Tiba masanya, saya makin bertanya-tanya dan ragu berat, setelah seorang jurnalis tewas mengenaskan karena memberitakan hal menyimpang dari pemerintah.
Pelakunya tertangkap, ia dihukum mati, lalu hukumannya diubah menjadi seumur hidup, kemudian dapat remisi lagi dari presiden. Setelah mendengar kabar itu, saya menyadari kalau saya harus berhenti. Ya, saya harus berhenti.
Ibu…
Baca juga: Gantung Diri: Dosa Jokowi dan Jualan Prabowo
*
Bagaimanakah ukuran kejahatan luar biasa itu? Apakah bunuh orang itu adalah kejahatan yang biasa?
Jujur, pandangan saya agak kabur, setelah membaca komentar Menteri Hukum dan Hak Asasi Manusia, Yasonna Laoly, sewaktu menanggapi pemberian remisi bagi Susrama.
“Pertimbangannya, dia sekarang sudah sepuluh tahun di penjara. Dan dia selama melaksanakan masa hukumannya, tidak pernah ada cacat, mengikuti program dengan baik, berkelakuan baik,” kata Yasonna.
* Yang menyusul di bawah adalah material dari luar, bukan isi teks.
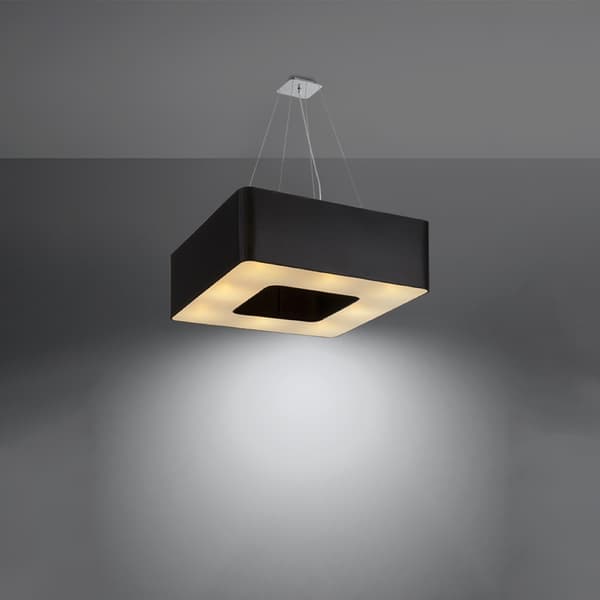 Ljuskrona URANO 60 svart Black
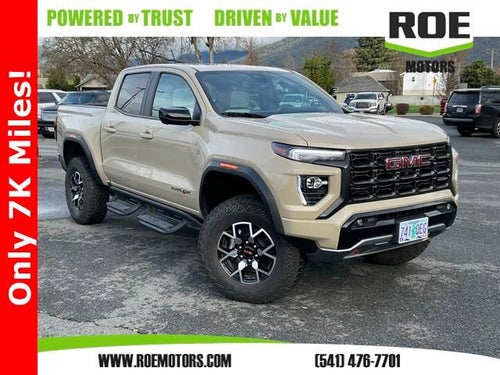 2024 GMC Canyon AT4X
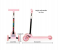 Trendy Foldable Handle Scooter with Smooth Gliding Wheels For Kids 8 in KSA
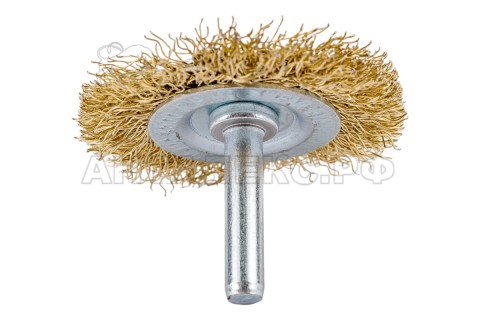 Щетка ELITECH, для дрели, диаметр 50 мм.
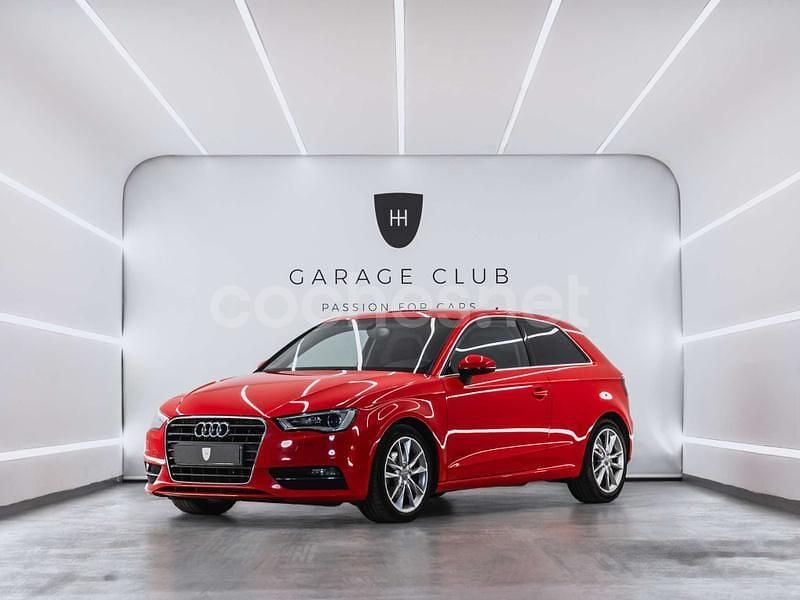 Rojo Usado 2013 Audi A3 Ambition Berlina | 11.499 € (Buen precio) - Imagen 1/4
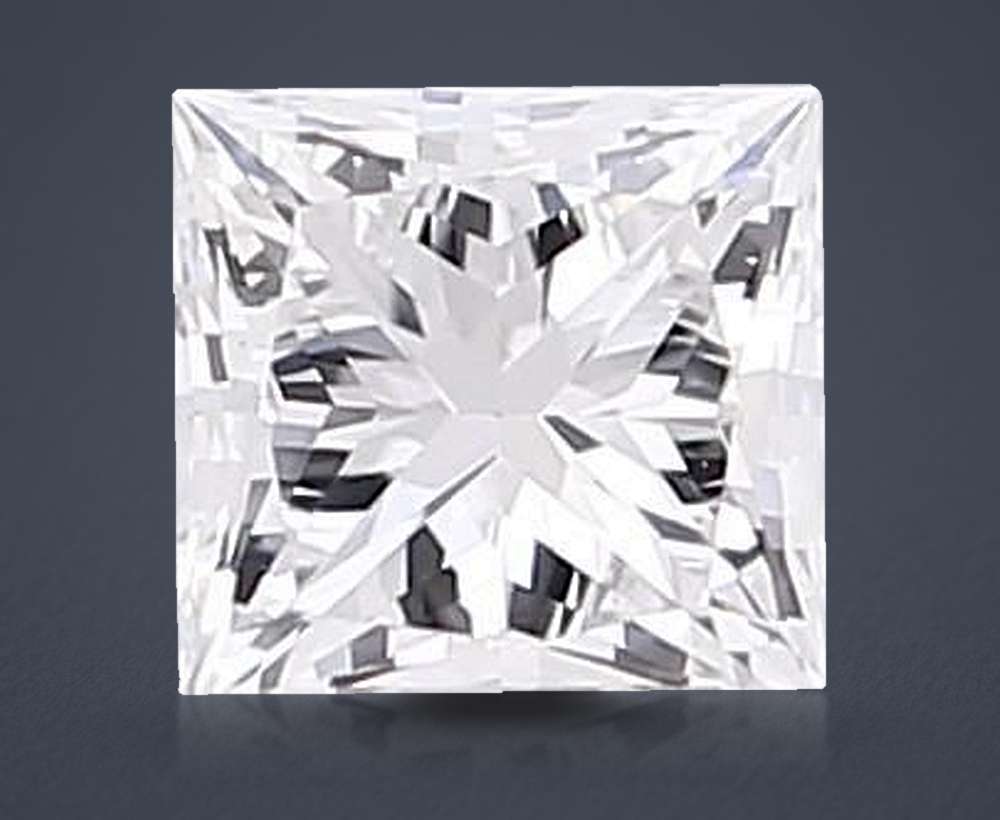 0.33 Carat Princess Lab Diamond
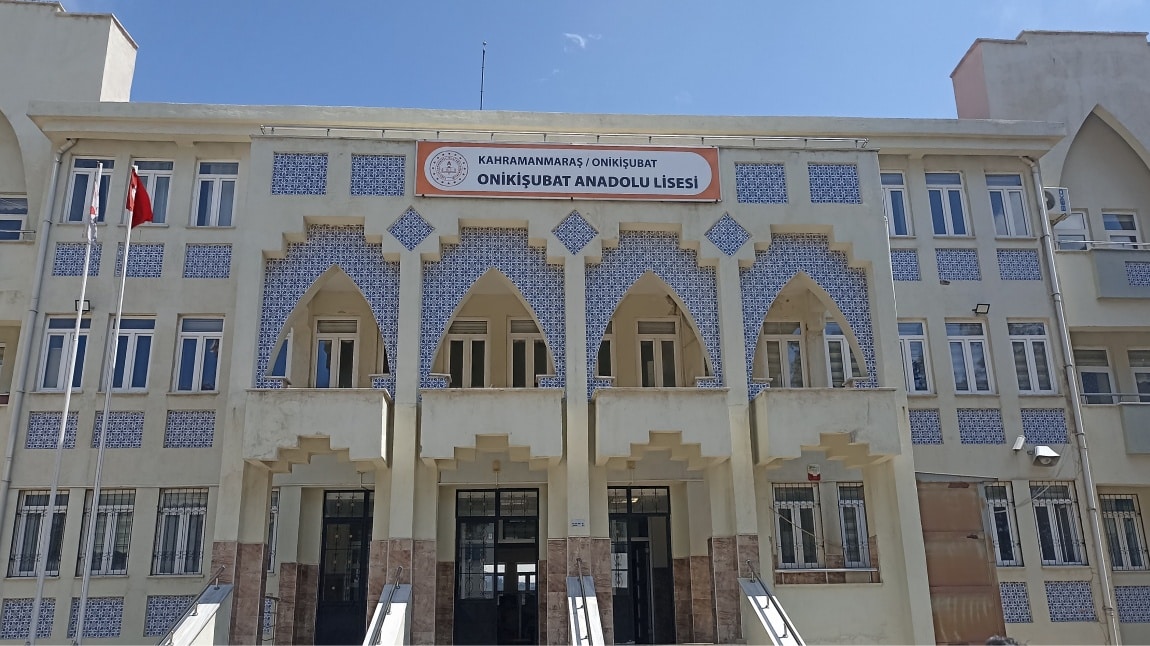 Onikişubat Anadolu Lisesi KAHRAMANMARAŞ ONİKİŞUBAT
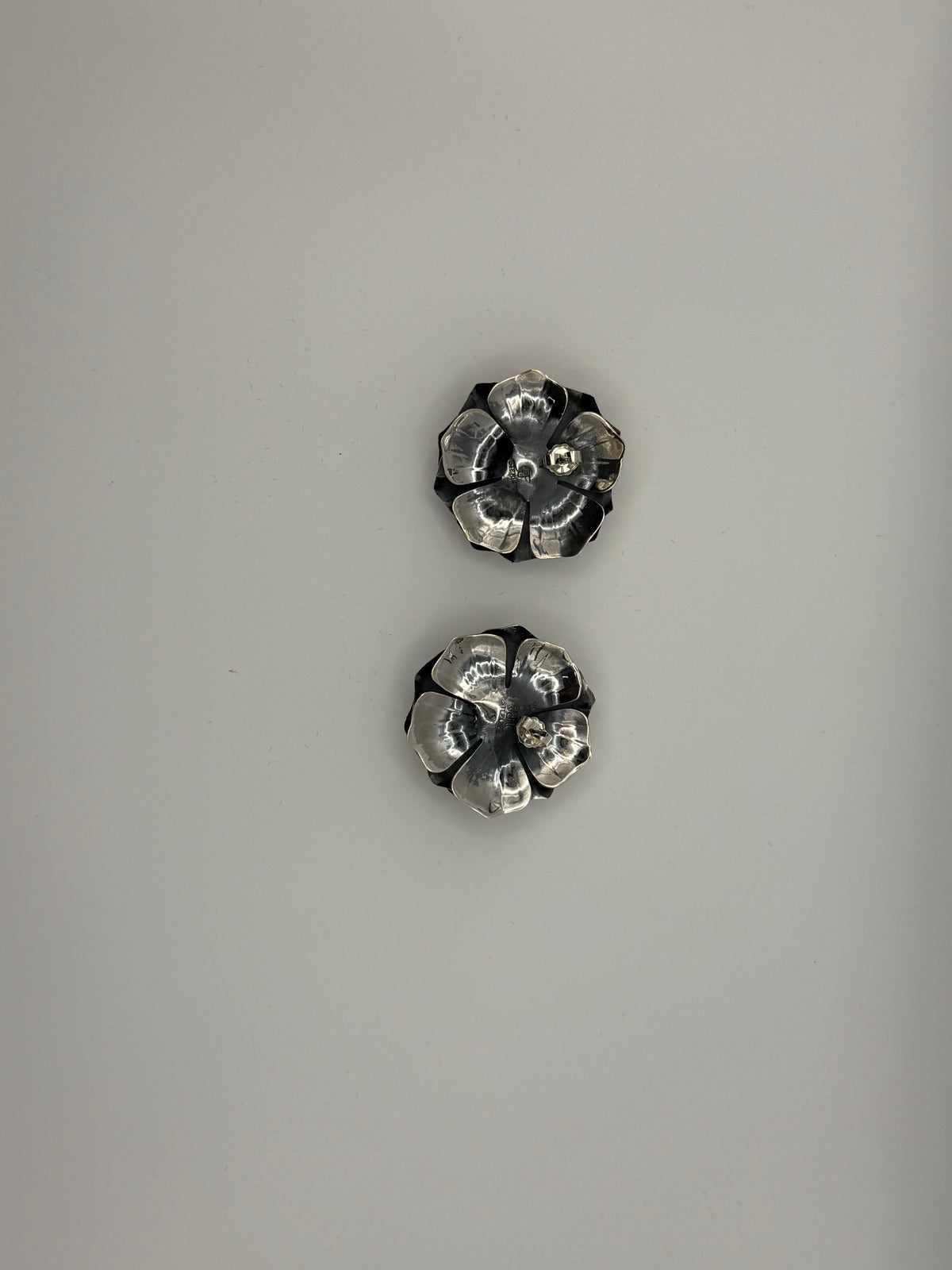 Rose Earrings by Federico Jimenez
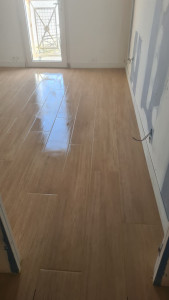 Photo de galerie - Pose carrelage 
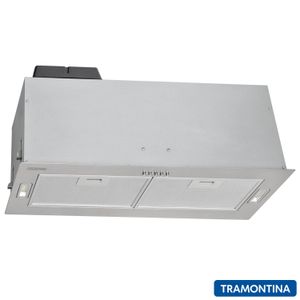 Coifa de Embutir Tramontina 75 cm com 03 Velocidades, Painel Eletrônico, Incasso, Inox - 95800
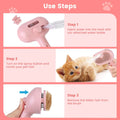 PawGroom™ — 3-In-1 Steam Grooming Brush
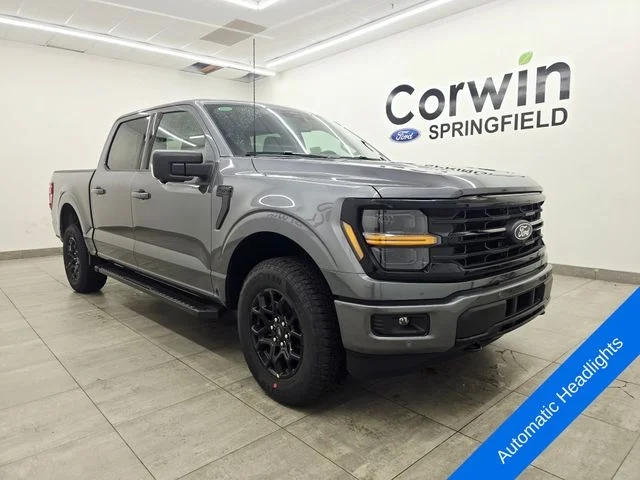 New 2026 Carbonized Gray Metallic Ford XLT image 6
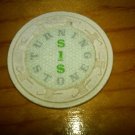 Casino chip from Turning Stone Casino in vernon, NY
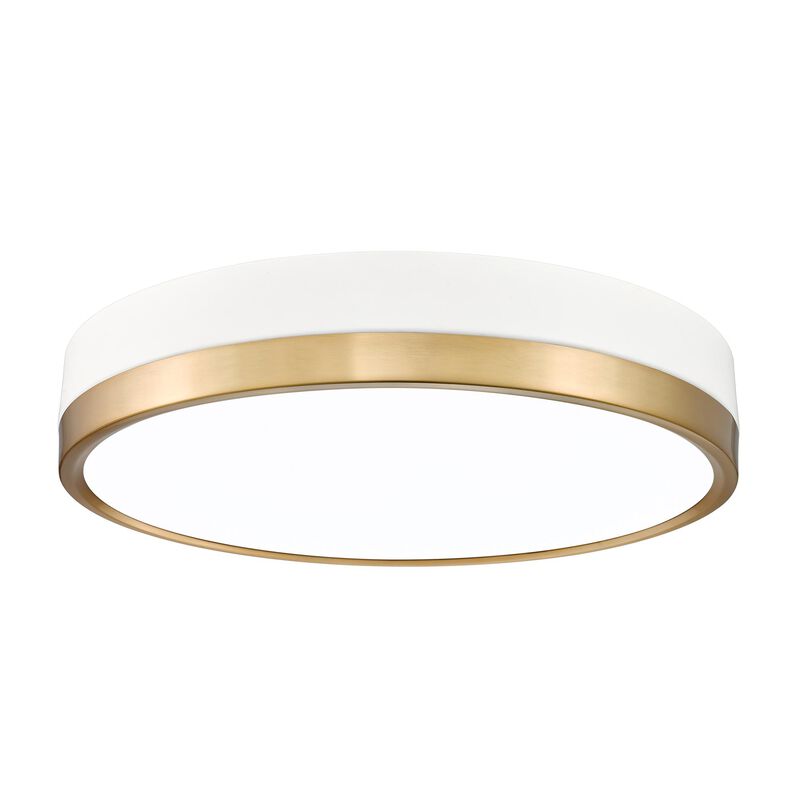 Algar 16 Inch Flush Mount by Z Lite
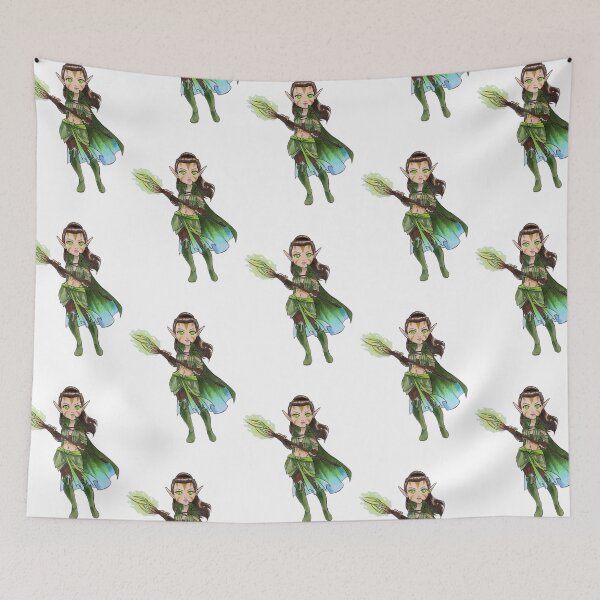 Item preview, Nissa Worldwalker designed and sold by KaylaNostrade.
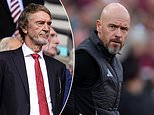 Erik ten Hag is SACKED by Man United: News is broken to players at the same time as official announcement, as Ruud van Nistelrooy takes over as interim boss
Yasonna juga menegaskan perbuatan Susrama bukan termasuk kejahatan luar biasa. Menurut dia, remisi sejenis juga sudah sering diberikan ke banyak narapidana.
“Jadi dihukum itu, orang tidak dikasih remisi, enggak muat itu lapas semua kalau semua dihukum, enggak pernah dikasih remisi,” tambah dia.
Saya kira sudah pantas, jika kebijakan Presiden Joko Widodo dikecam oleh Aliansi Jurnalis Independen (AJI) dengan tiga poin:
- Mengecam kebijakan Presiden Joko Widodo yang memberikan remisi kepada pelaku pembunuhan keji terhadap jurnalis. Fakta persidangan jelas menyatakan bahwa pembunuhan ini terkait berita dan pembunuhannya dilakukan secara terencana. Susrama sudah dihukum ringan, karena jaksa sebenarnya menuntutnya dengan hukuman mati, tapi hakim mengganjarnya dengan hukuman seumur hidup.
- Kebijakan presiden yang mengurangi hukuman itu melukai rasa keadilan tidak hanya keluarga korban, tapi jurnalis di Indonesia.
- Meminta Presiden Joko Widodo mencabut keputusan presiden pemberian remisi terhadap Susrama. Kami menilai kebijakan semacam ini tidak arif dan memberikan pesan yang kurang bersahabat bagi pers Indonesia. AJI menilai, tak diadilinya pelaku kekerasan terhadap jurnalis, termasuk juga memberikan keringanan hukuman bagi para pelakunya, akan menyuburkan iklim impunitas dan membuat para pelaku kekerasan tidak jera, dan itu bisa memicu kekerasan terus berlanjut.